§ Problem: Everything from the line that contains "gewerblichen Rechtsschutz. Dr." to the final line of the data, both ends included, must be set down exactly, apart from the pictures.

§ Supplied material:

○ ○ ○ ○ ○ ○ ○

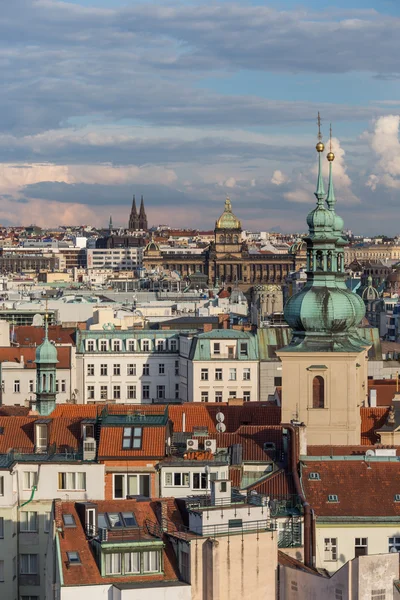 Красивый вид с воздуха на Прагу — стоковое фото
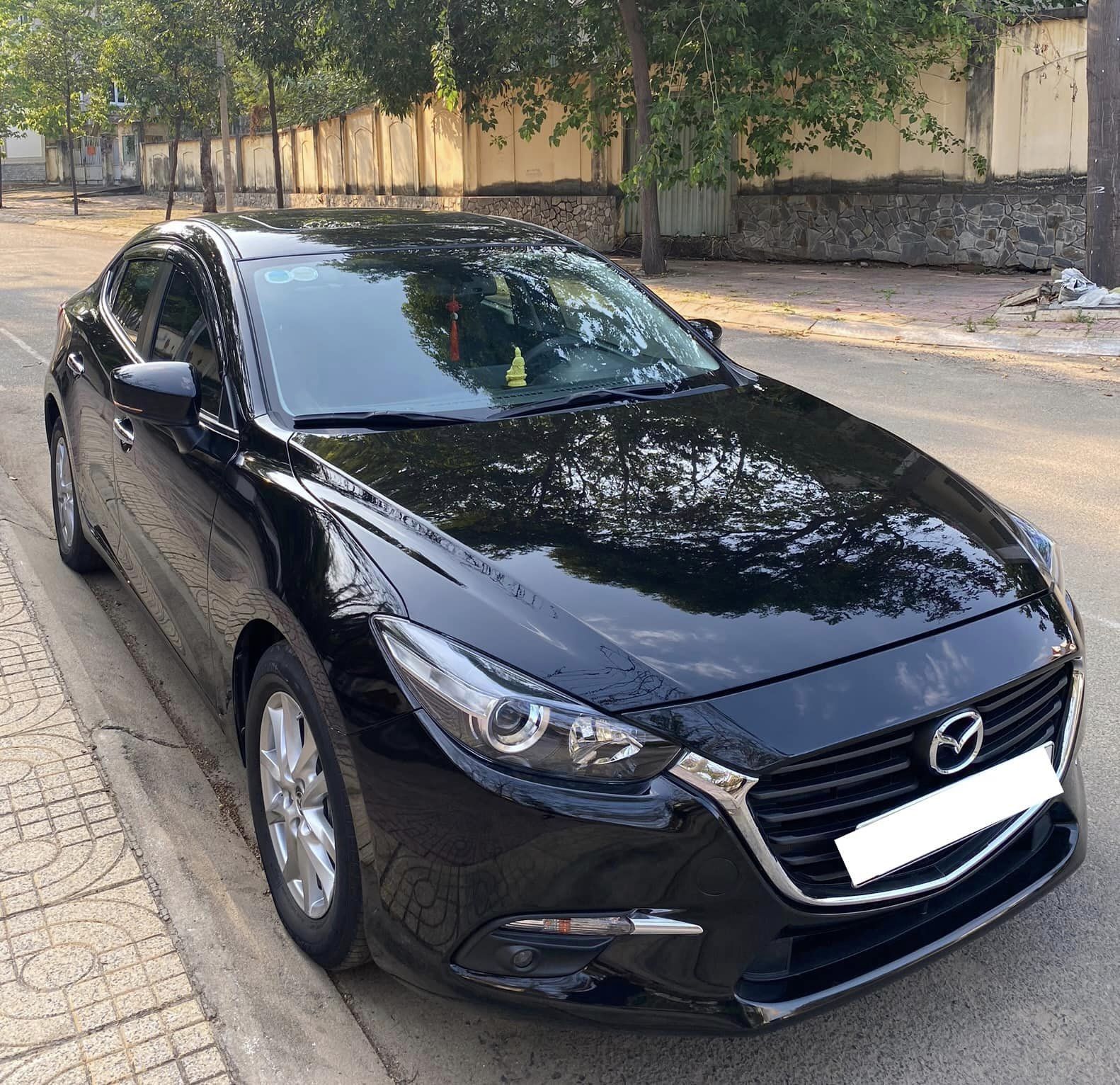 Mazda 3 2018 - Màu đen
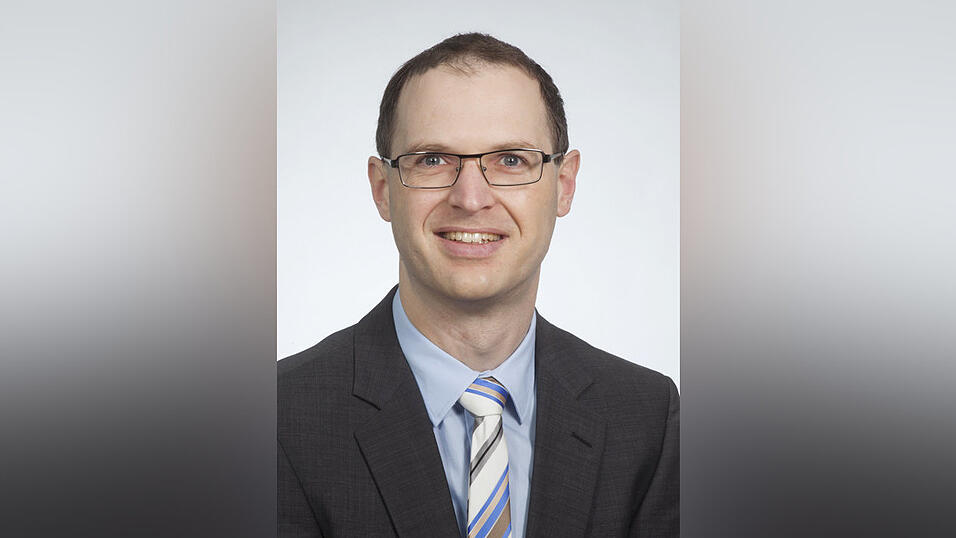 Dr. Florian Lichtnecker ist Fachanwalt für gewerblichen Rechtsschutz. Dr. Florian Lichtnecker ist Fachanwalt für gewerblichen Rechtsschutz.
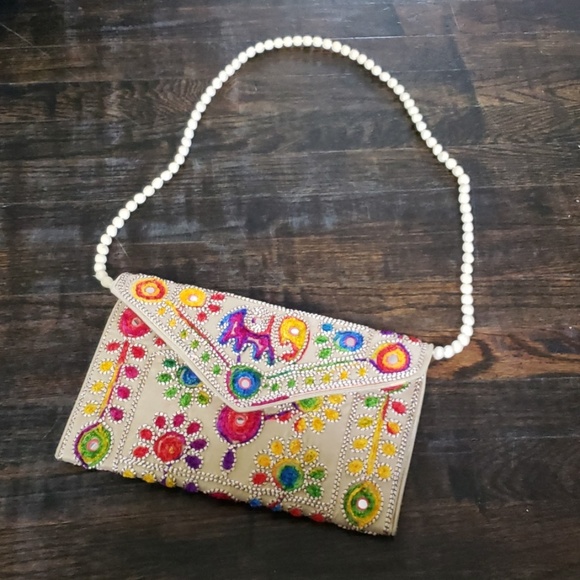 Handbags - 🦋 Embroidered envelope purse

○ ○ ○ ○ ○ ○ ○

§ Solution for this task:
 Dr. Florian Lichtnecker ist Fachanwalt für gewerblichen Rechtsschutz. Dr. Florian Lichtnecker ist Fachanwalt für gewerblichen Rechtsschutz.
 Handbags - 🦋 Embroidered envelope purse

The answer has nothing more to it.